*About this exercise:*
Please give every record below again exactly, and keep the pictures out.

*** Records supplied Section Begins ***

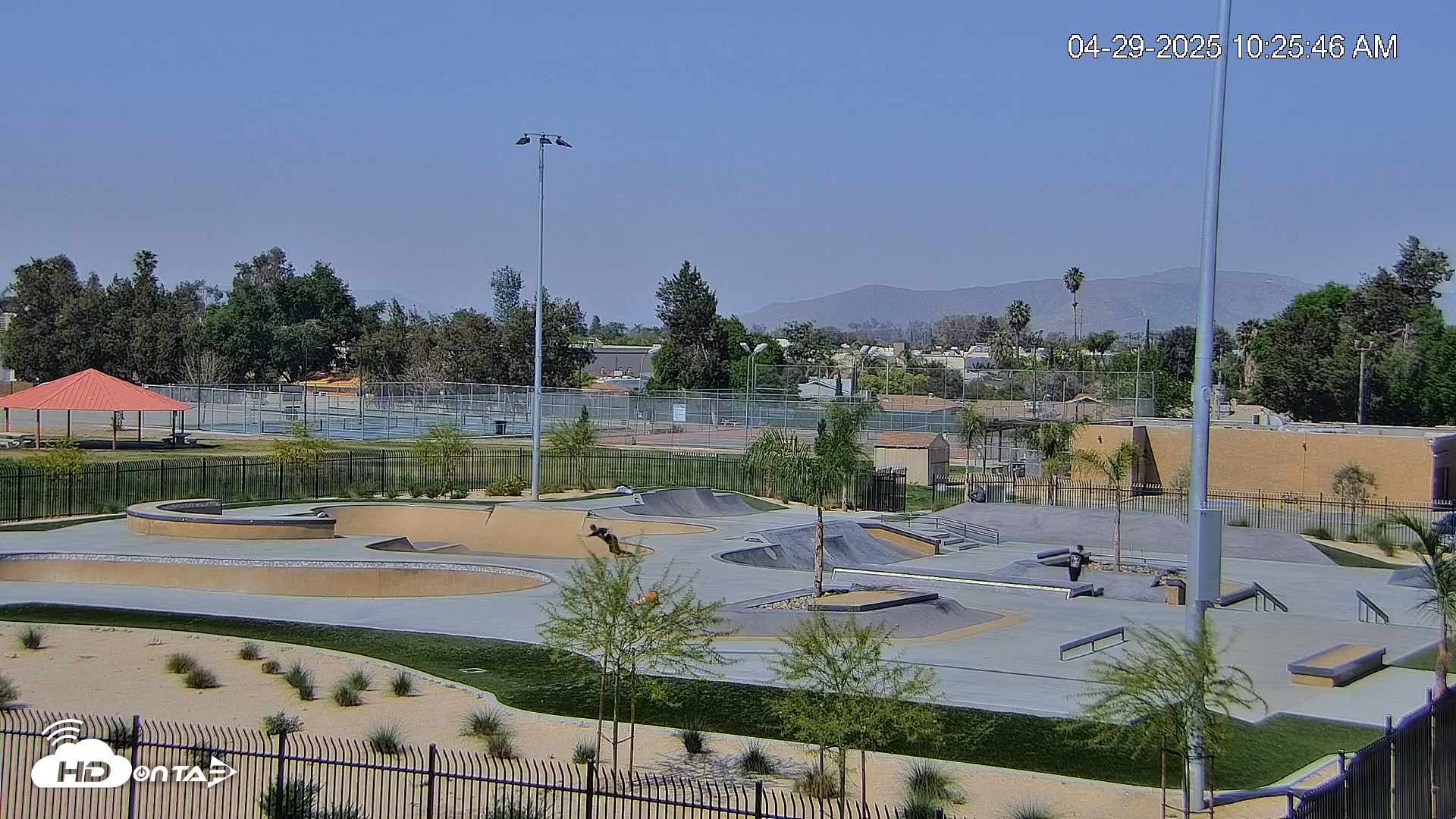 Snapshot of Hemet California Live Skate Park Webcam taken Apr 29, 2025, 10:32am PDT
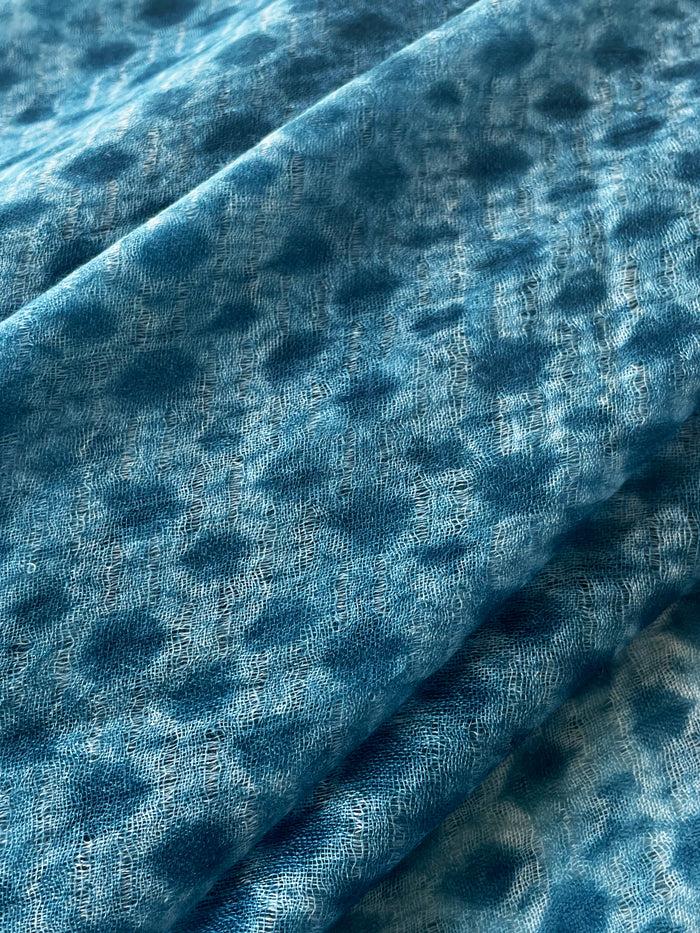 Denis Colomb Shibori Toosh Tie Dye Stole White + Brazilian Blue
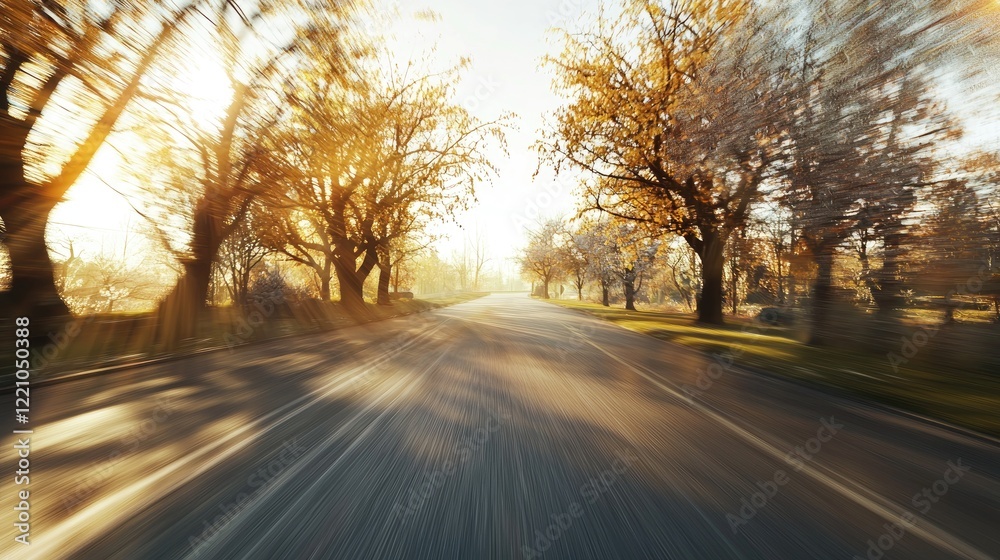 Fototapeta premium Golden Sunlight Illuminates Autumnal Roadway Through Trees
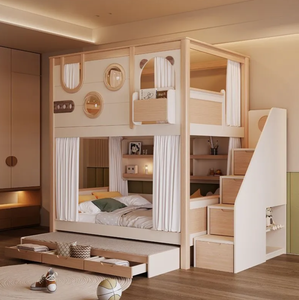 Letto <span class=keywords><strong>a</strong></span> Castello in Legno con Scivolo, Letto <span class=keywords><strong>a</strong></span> Castello Singolo con Scale per Bambini, con Finestra e Armadio per Ragazzi o <span class=keywords><strong>Ragazze</strong></span> - Product Image 2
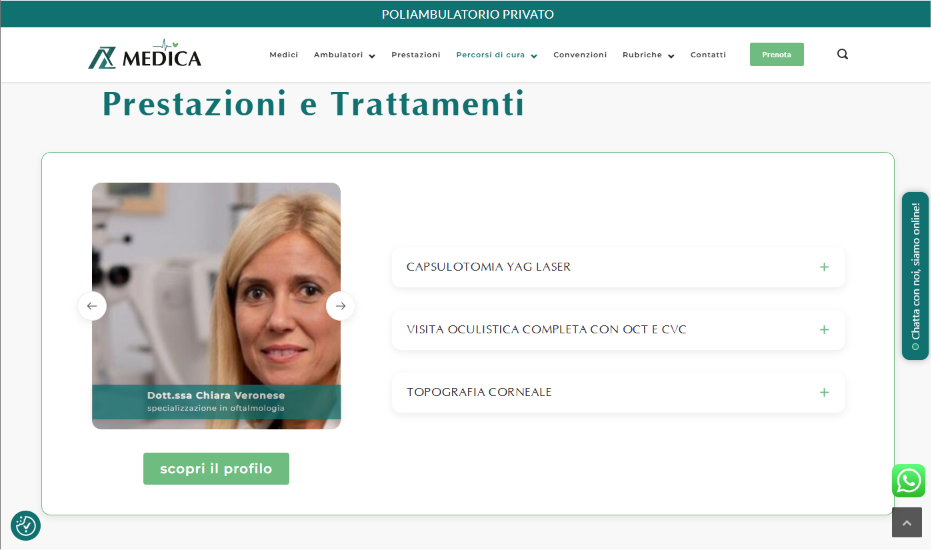 Pagina delle prestazioni del poliambulatorio AZ Medica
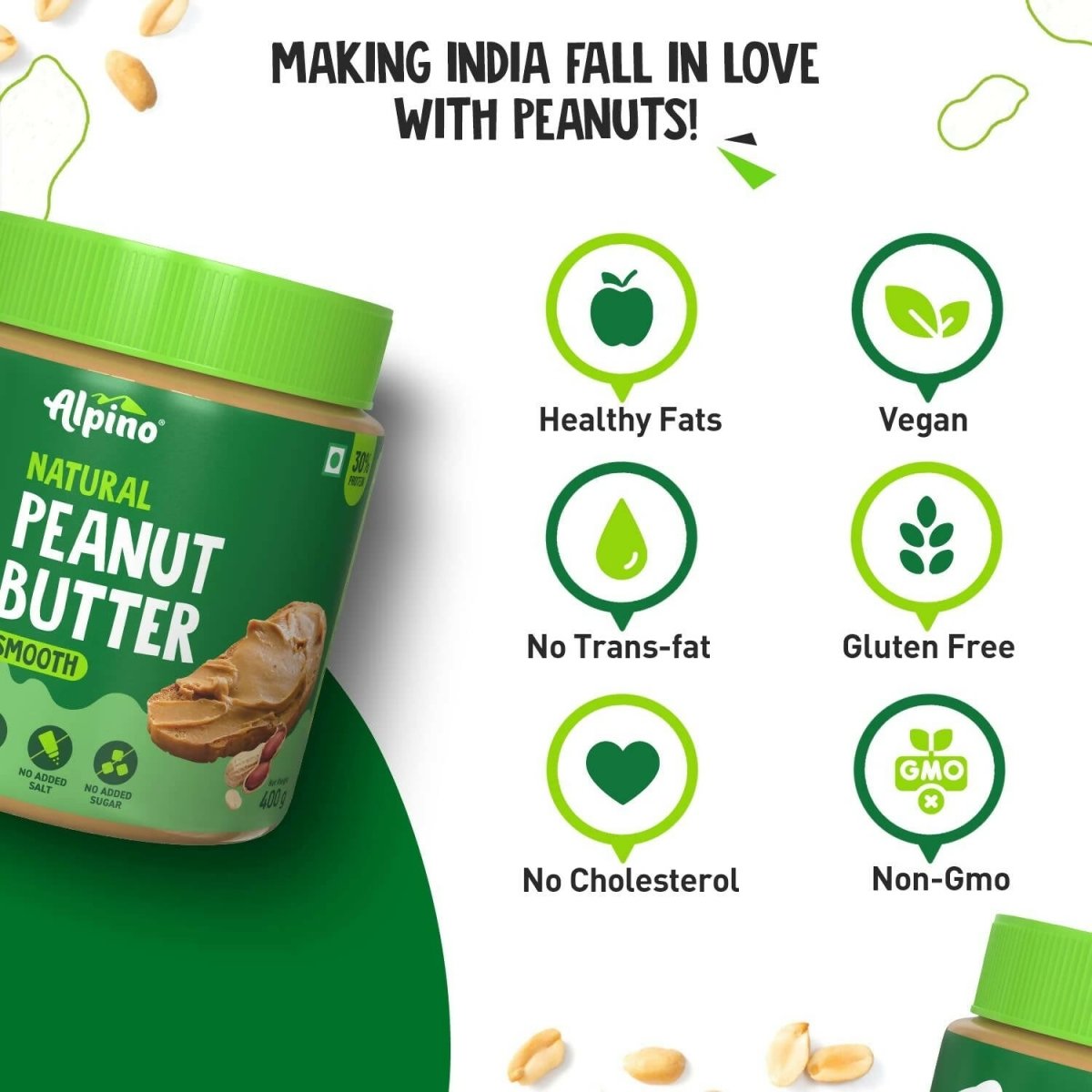 Alpino Natural Peanut Butter Smooth Unsweetened | Swadesiicart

*** Records supplied Section Ends ***

*Answer section:*
 Snapshot of Hemet California Live Skate Park Webcam taken Apr 29, 2025, 10:32am PDT
 Denis Colomb Shibori Toosh Tie Dye Stole White + Brazilian Blue
 Fototapeta premium Golden Sunlight Illuminates Autumnal Roadway Through Trees
 Letto <span class=keywords><strong>a</strong></span> Castello in Legno con Scivolo, Letto <span class=keywords><strong>a</strong></span> Castello Singolo con Scale per Bambini, con Finestra e Armadio per Ragazzi o <span class=keywords><strong>Ragazze</strong></span> - Product Image 2
 Pagina delle prestazioni del poliambulatorio AZ Medica
 Alpino Natural Peanut Butter Smooth Unsweetened | Swadesiicart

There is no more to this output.